Kurt unosi jedną brew. Na pewno nie jest to mina osoby, której przemówiono do rozsądku.
— Przestańże kręcić — prycha. — Jesteś córką Arcus. Też możesz nas teleportować.
Edel długo nie odpowiada. Znowu zawiodła czymś, na co wcale nie ma wpływu, a inni i tak tego od niej oczekują. Bogowie nie rozdają darów na lewo i prawo. Trzeba być szczęściarzem i głównym bohaterem serii książek, żeby być tym wybrańcem, który akurat wdał się w ich łaski i ma wszystko, czego tylko potrzebuje. Najrzadsze i najsilniejsze moce, które ratują mu tyłek w najgorszych sytuacjach.
— Mogę wyczarować tęczę i zairyfonować do Vergila — mówi wreszcie, ale nikt nie krzyczy z radości.
— Ty sobie chyba jaja robisz — mówi Dorian, przeciera spocone czoło równie spoconą dłonią. — To najwięcej, co potrafisz?
Skrucha i wstyd wylewa się z niej, sprawia, że podświadomie kuli się w sobie.
— Nic nie poradzę — mamrocze i wyczarowuje marną tęczę na tle drżącego powietrza pustyni. Tylko jej się wydaje, że drży i że piasek cały czas się przesuwa, zatapiając ich. — Vergil Ha-
— Naprawdę? Do Vergila? — syczy Kurt, tęcza powoli się rozpływa.

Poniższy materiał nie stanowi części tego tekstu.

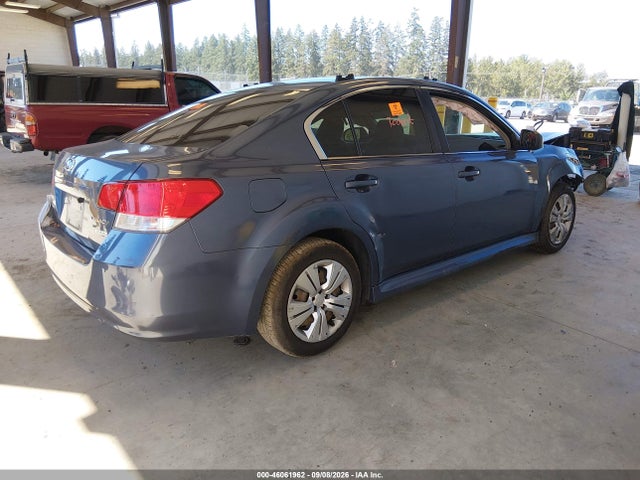 Aukcja sprzedaży 2013 Subaru Legacy 2.5i, vin: 4S3BMBA60D3023486, numer aukcji: 46061962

Nie zastępuje jej unosząca się twarz pretora.
Gapią się na siebie spojrzeniami rodem z filmu o kowbojach. Brakuje im tylko wyciągnięcia zza paska rewolwerów; Dorian i Terminator mogliby być sekundantami, tylko Edel nie wie, który byłby jej.
Del nieprzerwanie i szybko liczy pod nosem, aż wreszcie gubi się w liczbach, i znowu jest w stanie myśleć choć w miarę logicznie, bez umysłu ogarniętego czerwonawą mgłą irytacji.
Strzeliłaby mu w ramię. Buch!
— Vergil jest w stanie wysłać nam posiłki. Albo wysłać kogoś z umiejętnością teleportacji, żeby nas stąd zabrał. Mamy pełne prawo się do niego zwrócić. Awaryjna sytuacja — tłumaczy mu szybko i pokrótce. — A przynajmniej da to więcej niż…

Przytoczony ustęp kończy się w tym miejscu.